Western Friend logo

On Control

Author(s):
Mary Klein
Issue:
On Control (July 2019)
Department:
Editorials

“Now the Lord God had formed out of the ground all the wild animals and all the birds in the sky. He brought them to Adam to see what he would name them; and whatever Adam called each living creature, that was its name.” (Genesis 2:19)

This rodent is my son’s pet; that rodent is food for my daughter’s pet snake – and those rodents, those are vermin. These people helped me once; they are friends. Those people hurt me once; they are treacherous. In the beginning was the Word, indeed.

The “Word of God” and the words of human reason and habit reverberate through different levels of our consciousness. In Quaker worship, in waiting worship, we wait for unencumbered meaning. We wait for the straightjacket of vocabulary to loosen its grip on our awareness and grant us glimpses of naked reality: We are finite. We are dependent. We devour, and we are devoured. We are but children. We wield the power of reason, but the power of reason is a fragile thing among all the other powers that enclose us – the momentum of history and nature and infinity and beyond. And reason is also a fragile thing among all the other mental forces that suffuse us – unexamined assumptions, automatic reactions, the certainty that we are central to our own lives.

Humans are social animals. Within our own groups, we experience compassion, generosity, and candor. But towards other groups, we respond too easily with self-righteousness, resentment, and suspicion.

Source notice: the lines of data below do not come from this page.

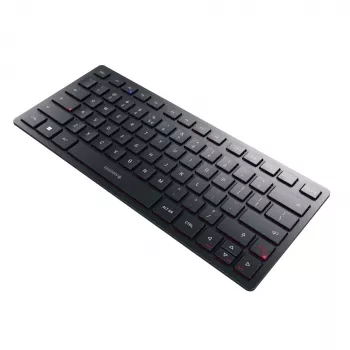 CHERRY KW 9200 MINI klaviatuur universaalne USB + RF juhtmevaba + Bluetooth QWERTY inglise must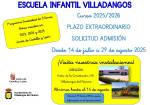 Cartel plazo extraordinario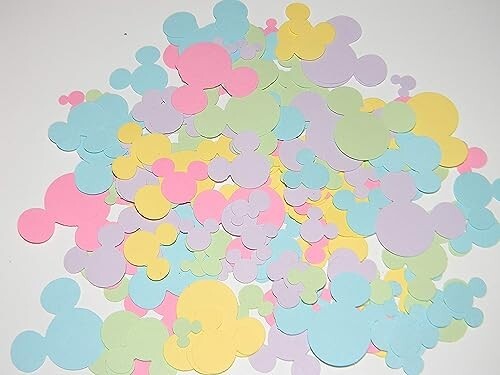 Pastel Mouse Head Inspired Confetti Birthday Party Shower Decorations- 200 pcs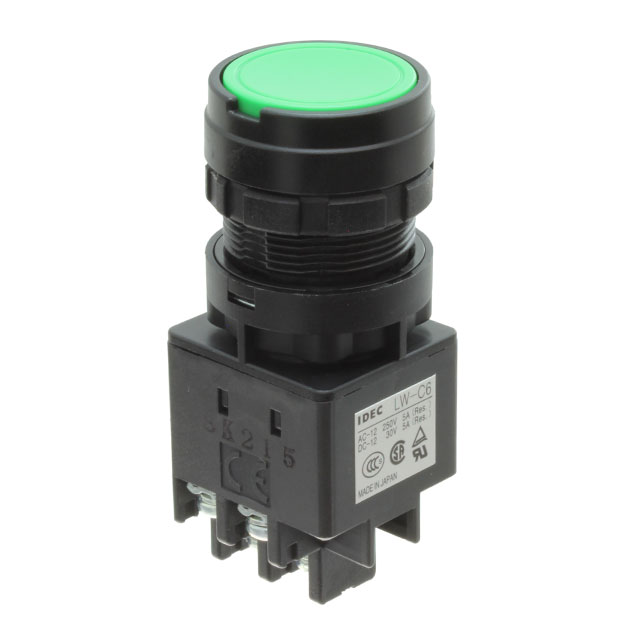 【LW1B-A1C6M-G-MVF-VJ-1】PUSH BUTTON NON ILLUMINATED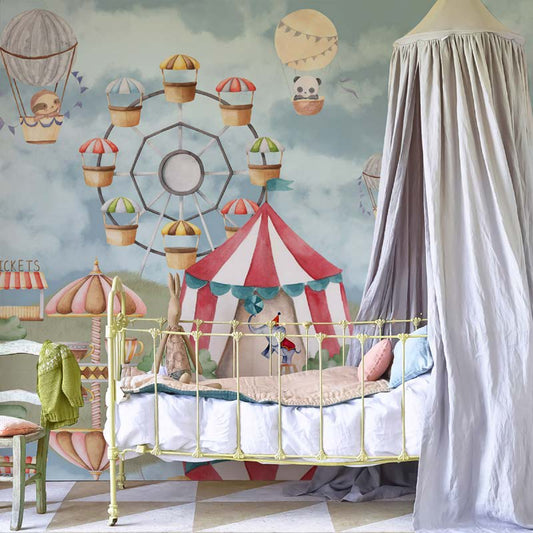 Whimsical Circus Fairytale Wallpaper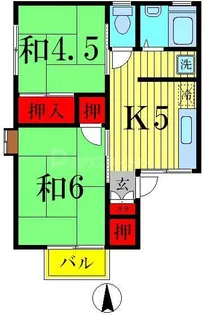 リリーハイツ【1階】の間取り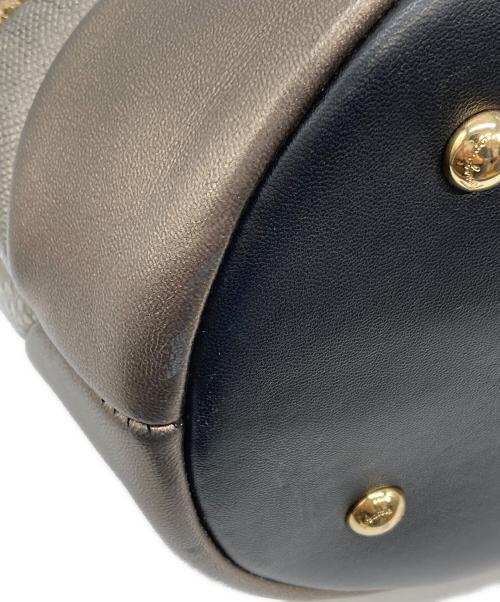 Salvatore Ferragamo（サルヴァトーレ フェラガモ）Salvatore Ferragamo (サルヴァトーレ フェラガモ) ドローストリングバッグ シルバーの古着・服飾アイテム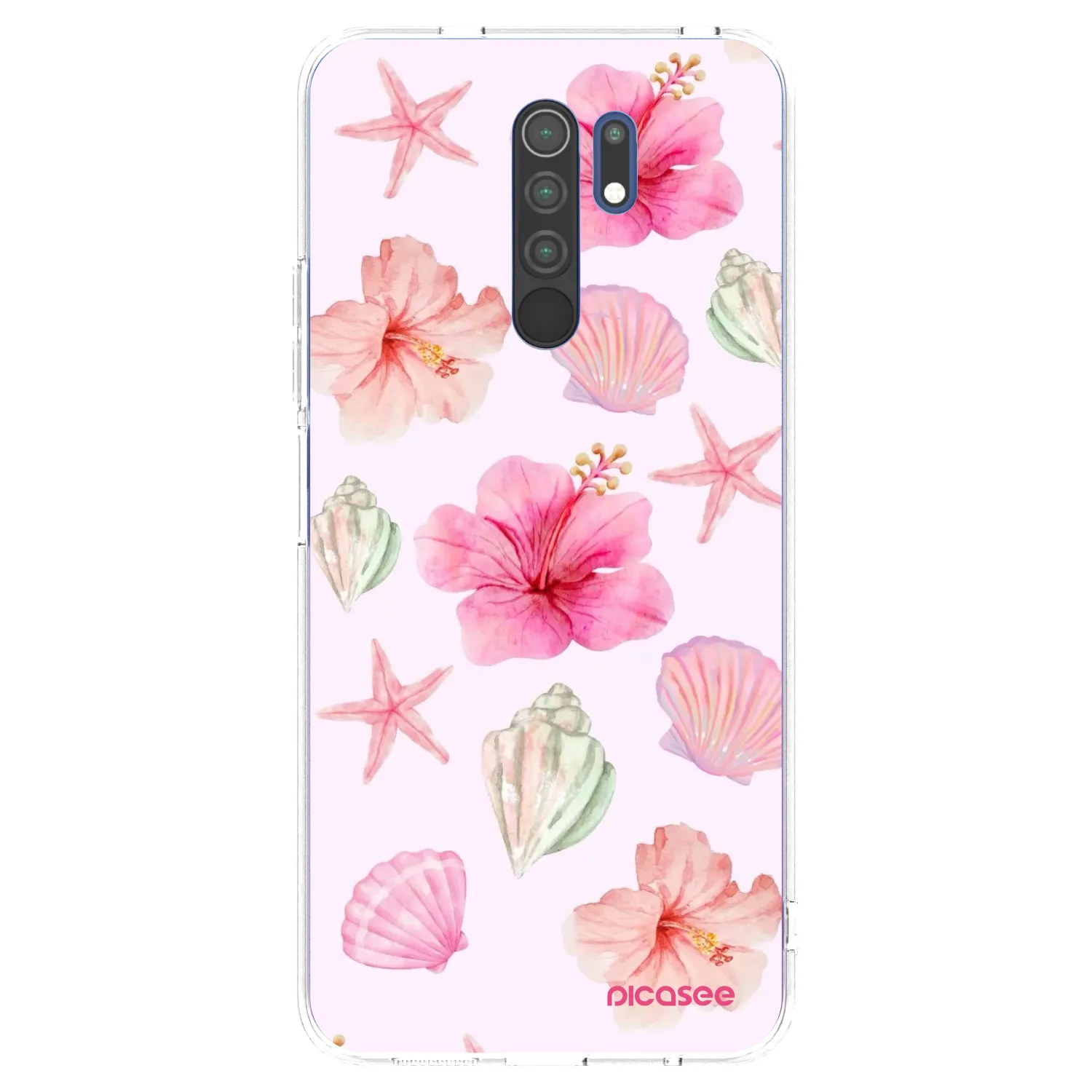 Picasee διαφανής θήκη σιλικόνης Xiaomi Redmi 9 - Blush Lagoon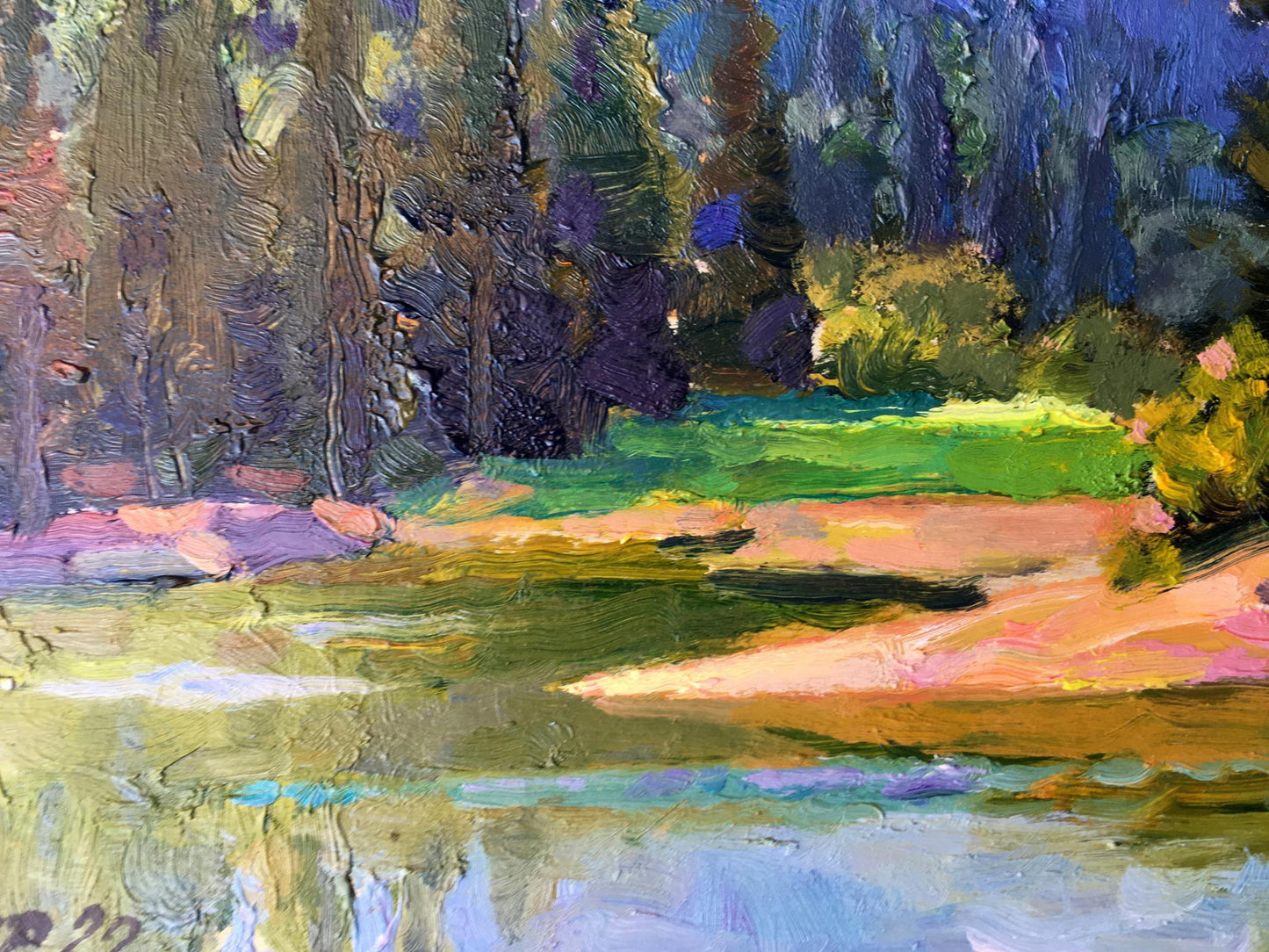 Oil painting Forest landscape Batrakov Vladimir Grigorievich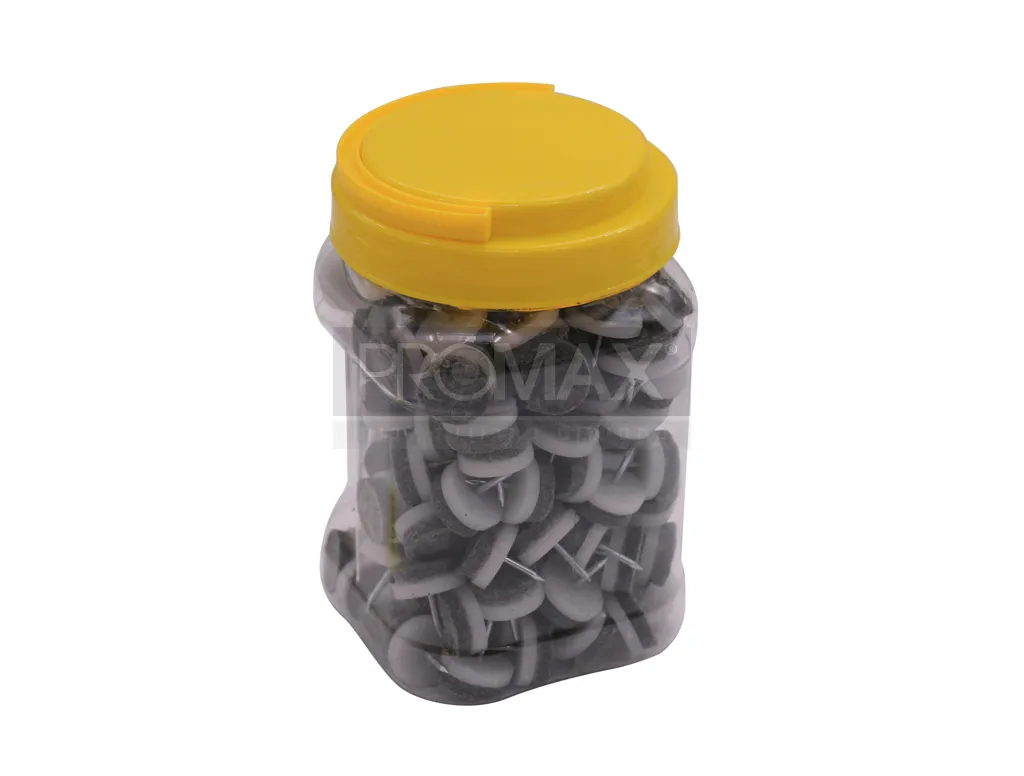 תומך כיסא מסמר לבן + לבד 20 מ"מ בקופסת פלסטיק (160יח)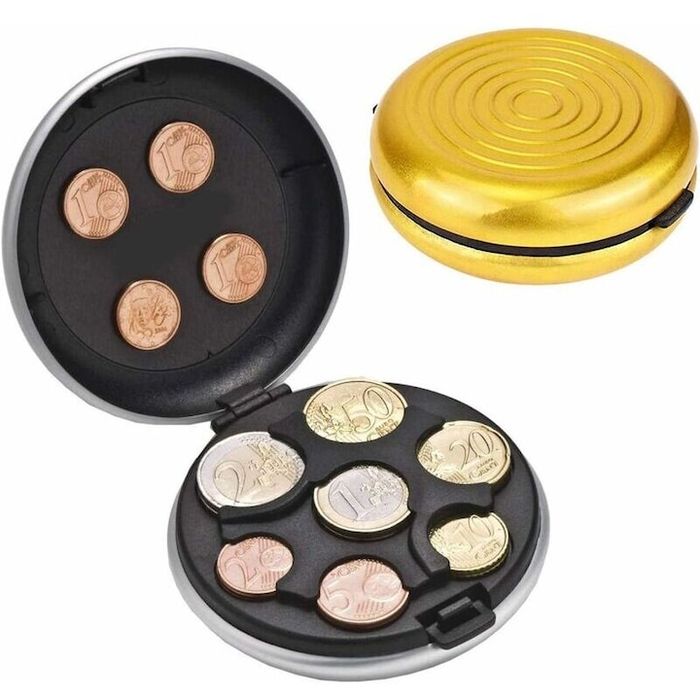 Кутия за съхранение за евро монети/Портфейл за евро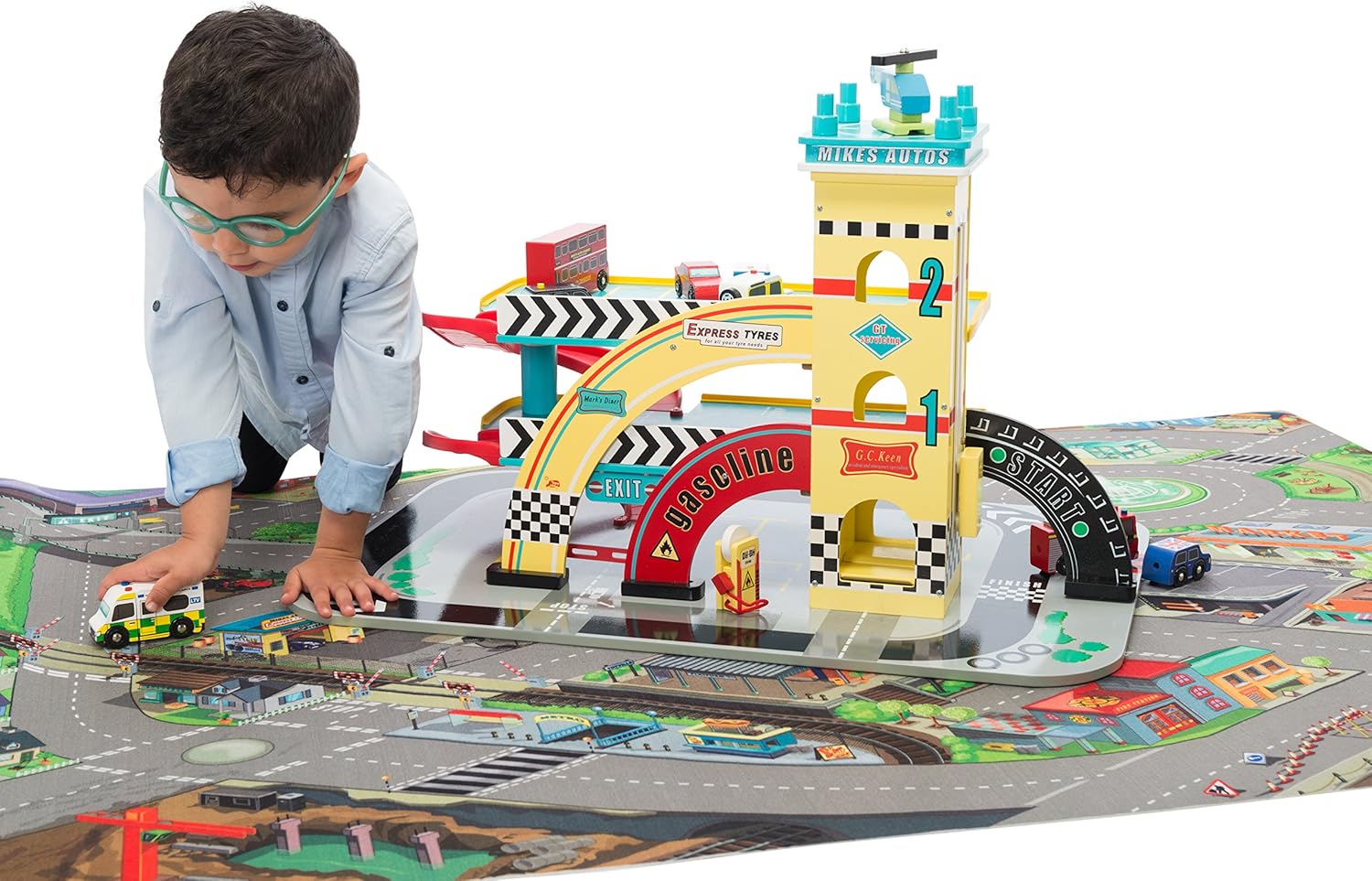 le toy van dino's garage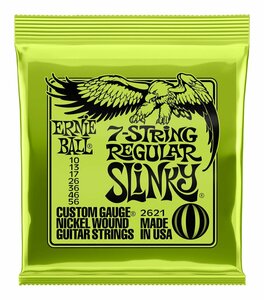 即決◆新品◆送料無料ERNIE BALL 2621 [10-56] 7 STRING REGULAR SLINKY 7弦 ギター弦/メール便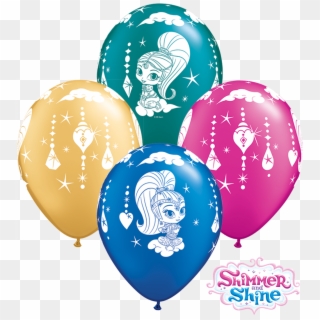 11 Shimmer And Shine Sparkles Latex Balloons - Balloon, HD Png Download
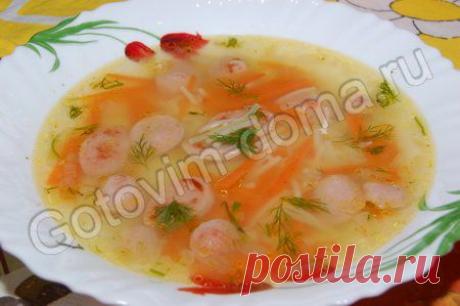 Рецепт: Супчик с сосисками &quot;Бодрость&quot;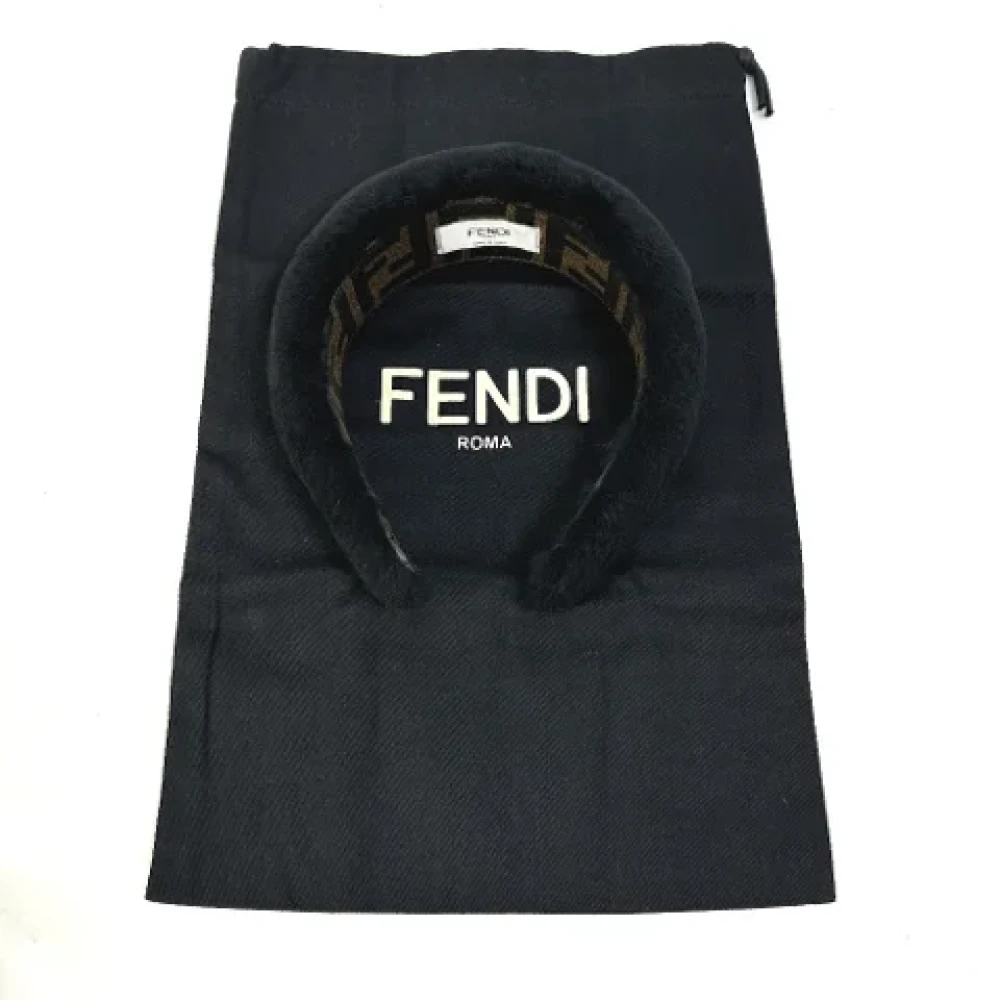 Fendi Vintage Pre-owned Fabric hair-accessories Black Dames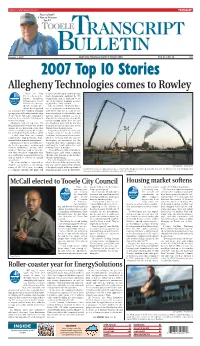Allegheny Technologies Comes to Rowley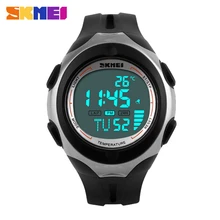 2016 Luruxy SKMEI Brand Outdoor Sports Watches Men Women Digital Watch Multifunction Temperature Waterproof Casual Wristwatch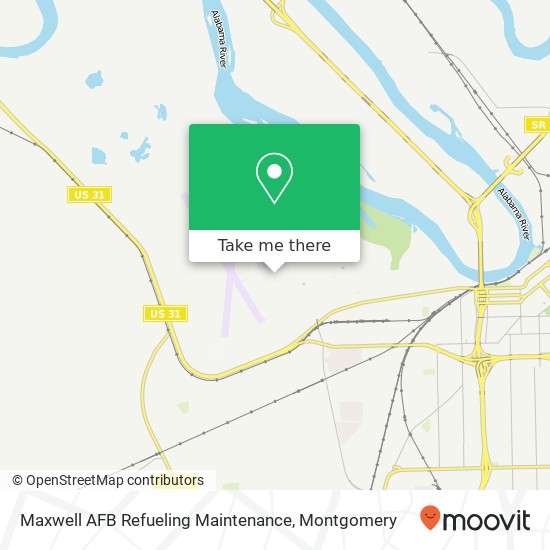 Mapa de Maxwell AFB Refueling Maintenance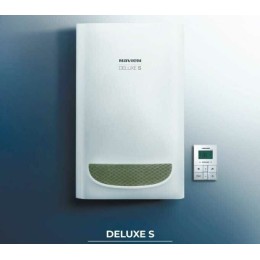 Котёл газовый камера закрытая, Navien Deluxe S-24k, 2-ух контр, 24 квт, коаксиальный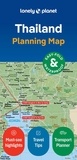  Lonely Planet - Thailand Planning map.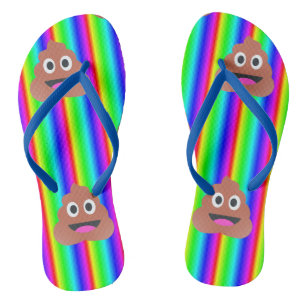Regenboog poep emoji schoenen teenslippers sandale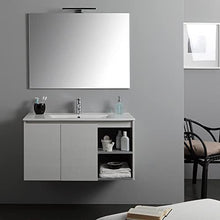 Kiamami Valentina MOBILE BAGNO 90CM ANTE+VANO A GIORNO PROMENADE LAVABO | BERLIN
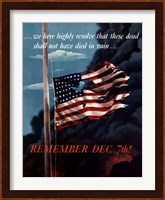 Remember December 7th Fine Art Print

The power of reason is a thin veneer over other forces of the human mind, yet by reason we make progress against global hunger and disease; we make progress towards democracy and universal human rights. We do so by allowing our reason to reverberate with the Word of Truth, which says that all of reality is “our own group.”

And without that reverberation, it seems that “our own group,” writ small, must eat or be eaten. Human reason can coldly engineer horrific winning strategies for the home team. As described by Martin Ennals in his Preface to Public Policy and the Use of Torture by Friend Eric Baker (1975), “Prisoners have often been tortured for the purpose of punishing or taking revenge on them, for the purpose of intimidating them or a broader public, to force them into co-operating with the authorities and, to judge by the gruesome quality often found in the recent practice of torture, for the sadistic pleasure of their captors.” (Both men served as Secretary Generals of Amnesty International.)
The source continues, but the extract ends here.